TASK TO COMPLETE: Look for the line with "this 417×626 image." in the entries below, then extract that line and all lines after it exactly, with pictures left out.

Annotated photo localization data:

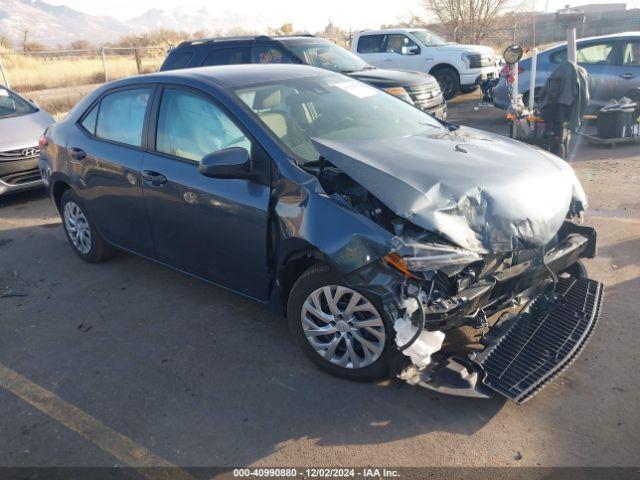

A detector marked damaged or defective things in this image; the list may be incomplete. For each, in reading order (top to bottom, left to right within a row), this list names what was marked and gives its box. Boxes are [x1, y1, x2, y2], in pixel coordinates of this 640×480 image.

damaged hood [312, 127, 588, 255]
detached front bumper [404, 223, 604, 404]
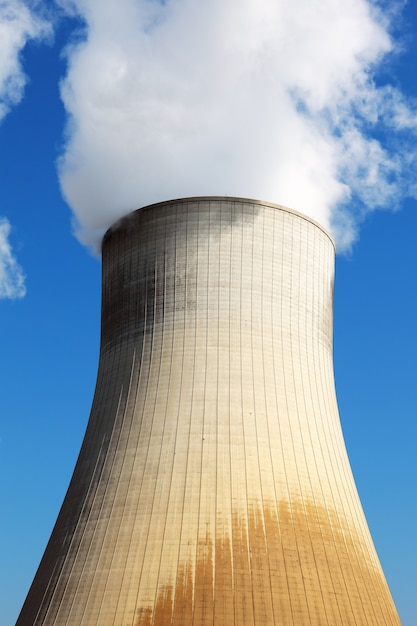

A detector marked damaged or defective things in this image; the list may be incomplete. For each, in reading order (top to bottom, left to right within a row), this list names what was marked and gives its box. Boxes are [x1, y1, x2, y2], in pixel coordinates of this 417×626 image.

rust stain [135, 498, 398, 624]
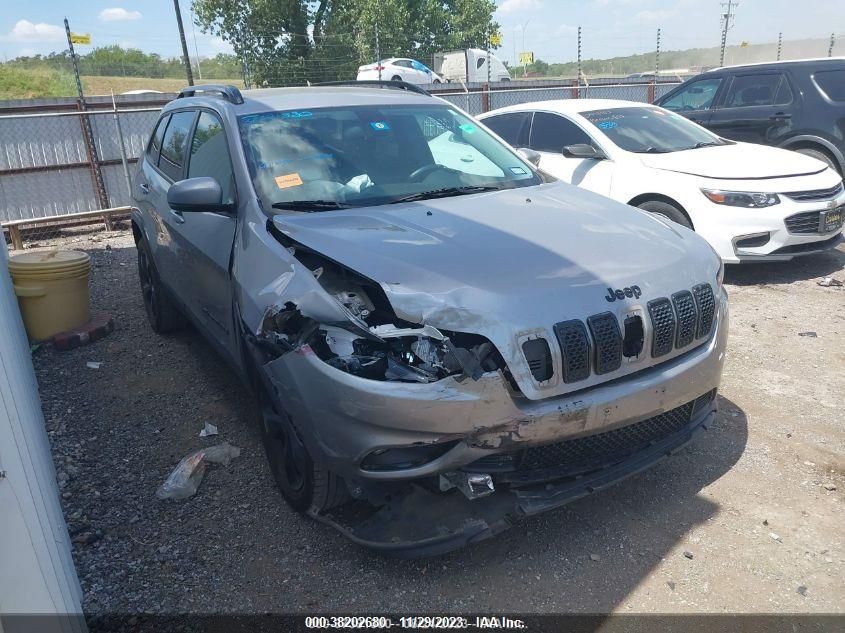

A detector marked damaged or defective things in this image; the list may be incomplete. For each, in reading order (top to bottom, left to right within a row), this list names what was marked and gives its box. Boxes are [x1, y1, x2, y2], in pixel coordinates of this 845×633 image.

ANSWER SECTION:
A detector marked damaged or defective things in this image; the list may be incomplete. For each, in reading order (top to bottom, left to right within a row), this list names what was marked and gives its box. Boxes are [x1, y1, x2, y2], in pixel coordinates of this 417×626 image.

rust stain [135, 498, 398, 624]

A detector marked damaged or defective things in this image; the list may be incomplete. For each, in reading order (top to bottom, left to right within a row), this list names what was marked and gives its box. Boxes are [x1, y1, x2, y2], in pixel coordinates of this 845×633 image.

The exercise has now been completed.